Motivation
Current data quality frameworks often fall short of providing detailed explanations for specific row or column data quality issues and are primarily designed for complete datasets, making integration into streaming workloads difficult. They cannot quarantine invalid data and have compatibility issues with Databricks Runtime.
This project introduces a simple but powerful Python validation framework for assessing the data quality of PySpark DataFrames. It enables real-time quality validation during data processing rather than relying solely on post-factum monitoring. The validation output includes detailed information on why specific rows and columns have issues, allowing for quicker identification and resolution of data quality problems. The framework offers the ability to quarantine invalid data and investigate quality issues before they escalate.
How DQX works
Option 1: Apply checks and quarantine "bad" data.
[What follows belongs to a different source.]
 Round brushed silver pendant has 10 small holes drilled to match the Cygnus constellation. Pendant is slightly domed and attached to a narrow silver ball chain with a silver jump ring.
Apply checks on the DataFrame and quarantine invalid records to ensure "bad" data is never written to the output.

Option 2: Apply checks and flag "bad" data.
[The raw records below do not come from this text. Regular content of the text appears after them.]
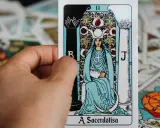 Dłoń trzyma kartę z tarot z 5 kart, przedstawiającą Wielką Kapłankę. W tle widać inne karty.
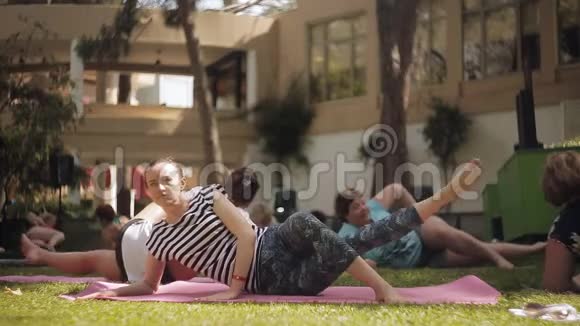 在户外草地上练习瑜伽的妇女团体视频的预览图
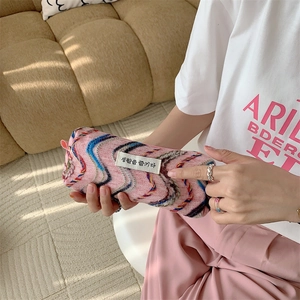 Détail d'une trousse de maquillage rose brodée arc-en-ciel tenue à la main.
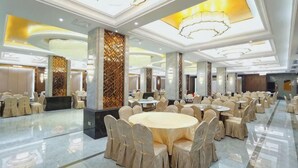 Une salle de banquet spacieuse, dotée de tables rondes, de hauts plafonds et de lustres modernes.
Apply checks on the DataFrame and flag invalid records as additional columns.

DQX usage in the Lakehouse Architecture
In the Lakehouse architecture, new data validation should happen during data entry into the curated layer to ensure bad data is not propagated to the subsequent layers. With DQX, you can quickly quarantine invalid data and re-ingest it after curation to ensure data quality constraints are met. The data quality can be monitored in real-time between layers, and the quarantine process can be automated.

When to use DQX
- Use DQX if you need pro-active monitoring (before data is written to a target table), especially in the streaming pipelines.
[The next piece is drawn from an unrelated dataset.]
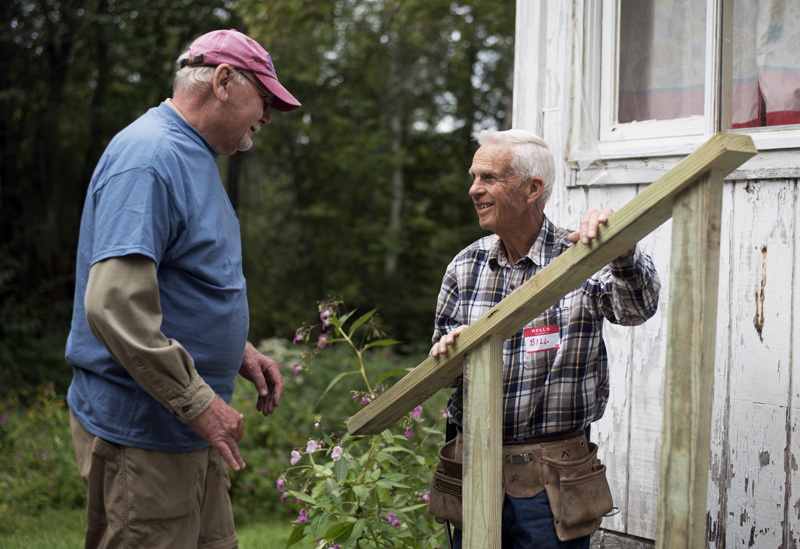 Stephen Busch (left) and Bill Schwanemann discuss how to install a railing on a new set of stairs at Skyview Ridge Mobile Home Park in Waldoboro on Community Cares Day, Sunday, Sept. 8. (Jessica Picard photo)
- For monitoring data quality of already persisted data in Delta tables (post-factum monitoring), try Databricks Lakehouse Monitoring.
- DQX can be integrated with DLT to check data quality. Still, your first choice for DLT pipelines should be DLT Expectations. DQX can be used to profile data and generate DLT expectation candidates.
- DQX can be integrated with other data transformation frameworks that support PySpark, such as dbt. However, this integration is limited to dbt Python models and does not extend to dbt SQL models.